Then my partner got offered a job in Los Angeles and we moved. It changed everything.
Los Angeles has been a huge motivator to start pursuing my own projects. Trying new things. Being adventurous. Rediscovering the creativity that I thought had been stamped out of me. And it has been really flippin’ awesome.
Even though my time in New York was a low point, in many ways, I was lucky. It was a situational sadness. Changing my environment was enough to make the big mess of bad things seem more manageable, to help me get back in charge. I was also lucky because my brain and my body don’t actively work against me most days. What I experienced was enough to realize just how hard things can be for people who do live with that regular struggle thanks to depression, anxiety, bipolar disorder, and the many other conditions under the mental health umbrella.
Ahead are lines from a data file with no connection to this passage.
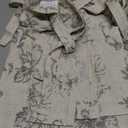 jinchan Floral Linen Tier Curtains 24 Inch Farmhouse Cafe Curtains Tie Top Botanic Drapes for Small Windows Over Sink for Kitchen Country Rustic Laundry Room Bathroom RV 2 Panels Grey on Beige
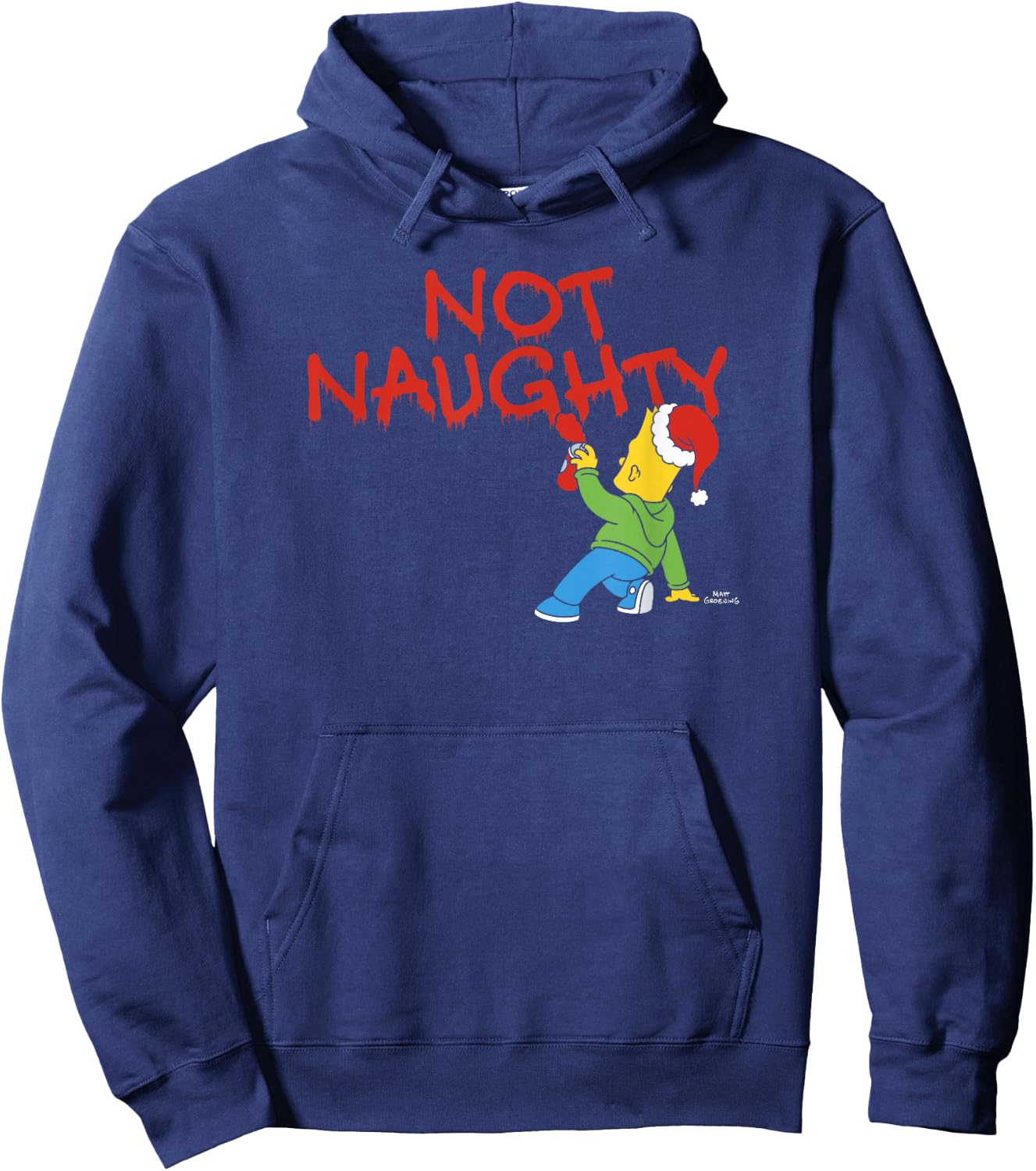 The Simpsons Christmas Bart Graffiti Not Naughty V2 Hoodie - Hoodie | Navy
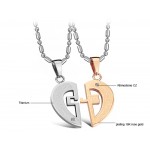 Titanium Rose Gold and Silver Sweetheart Lovers Pendants with Rhinestones and Free Chains C641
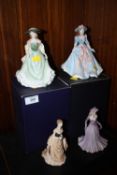 TWO BOXED ROYAL WORCESTER LADY FIGURES 'HANNAH' AND 'FIONA', TOGETHER WITH TWO MATT FINISH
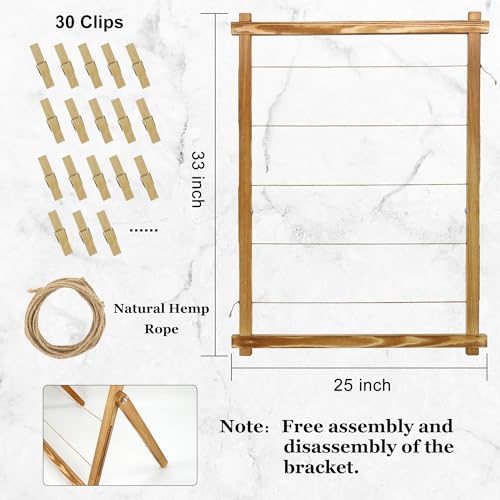 FramePro Freestanding Photo Display Board with Clips, Stable Tabletop Picture Frame Stand Holds 30+ Photos, Graduation Cen...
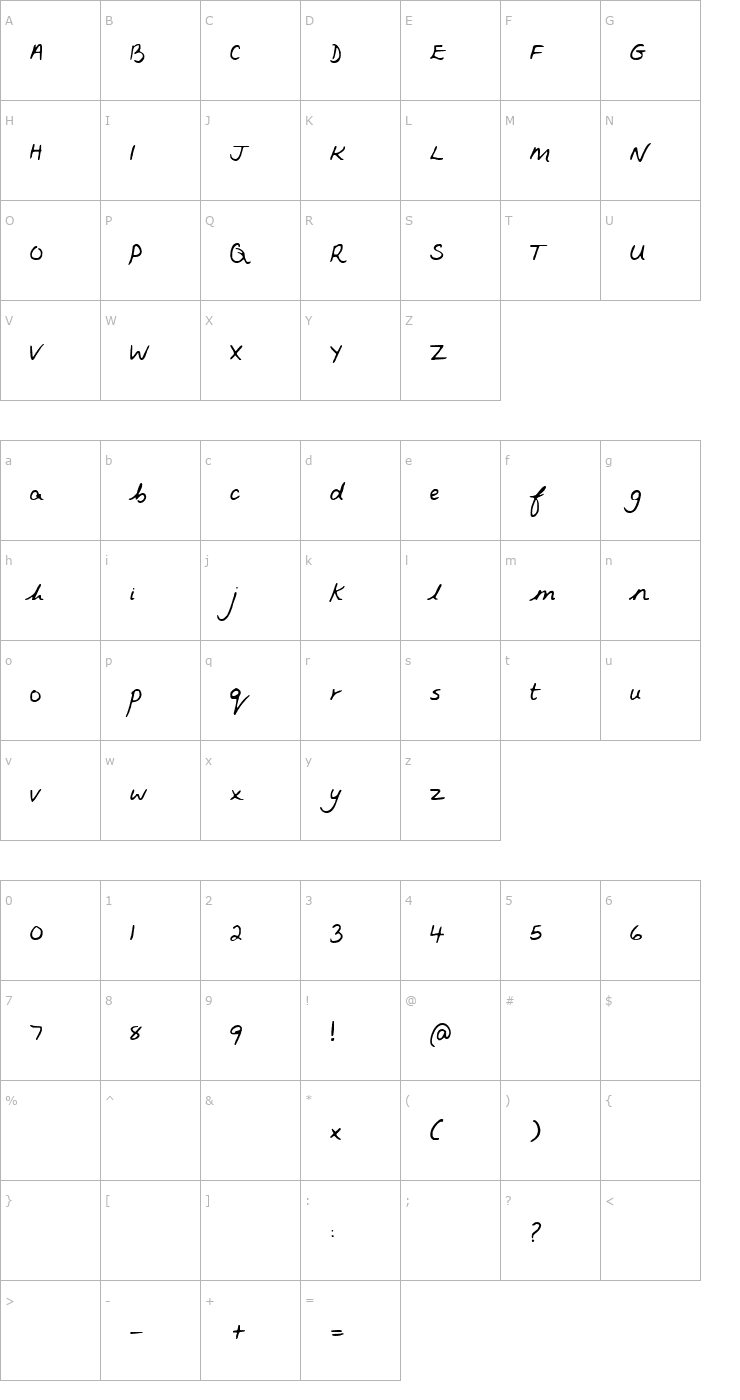 Character Map Fiona Font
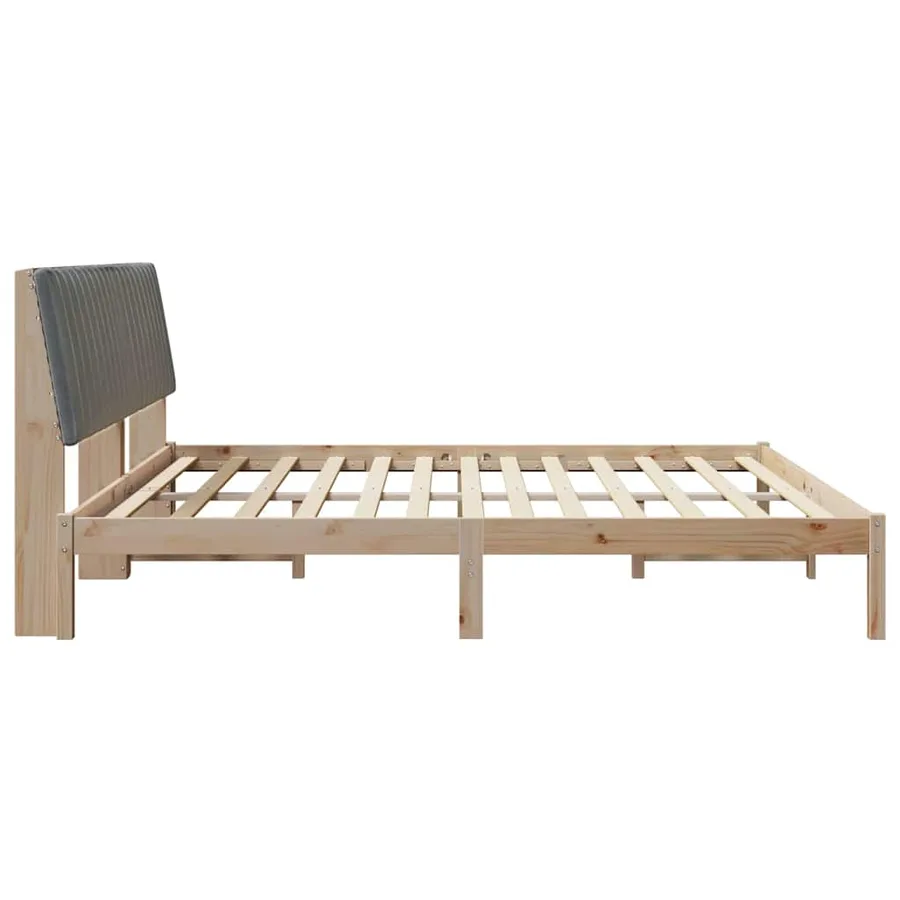 Cadre de lit avec tête de lit Marron 200 x 200 cm Pin massif - 6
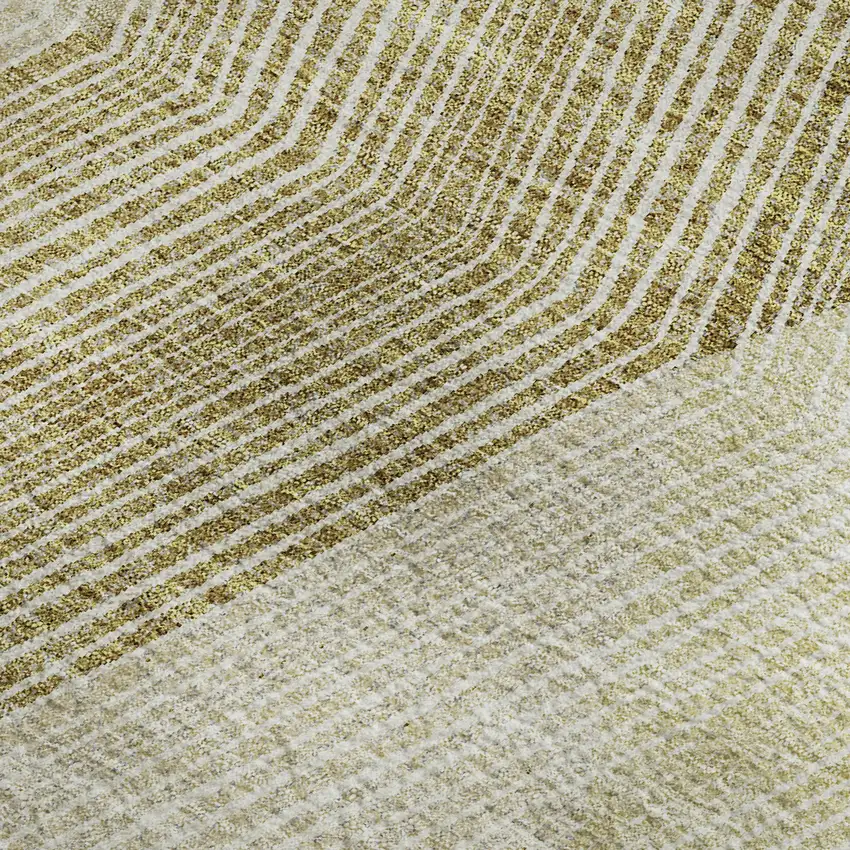 Ivory Beige And Tan Geometric Washable Area Rug With UV Protection Photo 2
So I’d like to take this opportunity to say two things.
First, if someone you know is living the fight for their own mental health, then give them a hug, a chocolate bar, a gold star, something. If they’re making it through the day, they’ve probably earned it.
Second, change is scary. But change can also be good. Obviously, moving to L.A. will not magically solve your problems. (In fact, it’d probably further exacerbate the whole drought thing.) But even a smaller, less drastic change can shift your thinking or boost your spirits.
Make a change when you need it. Ask for help when you need it. You got this.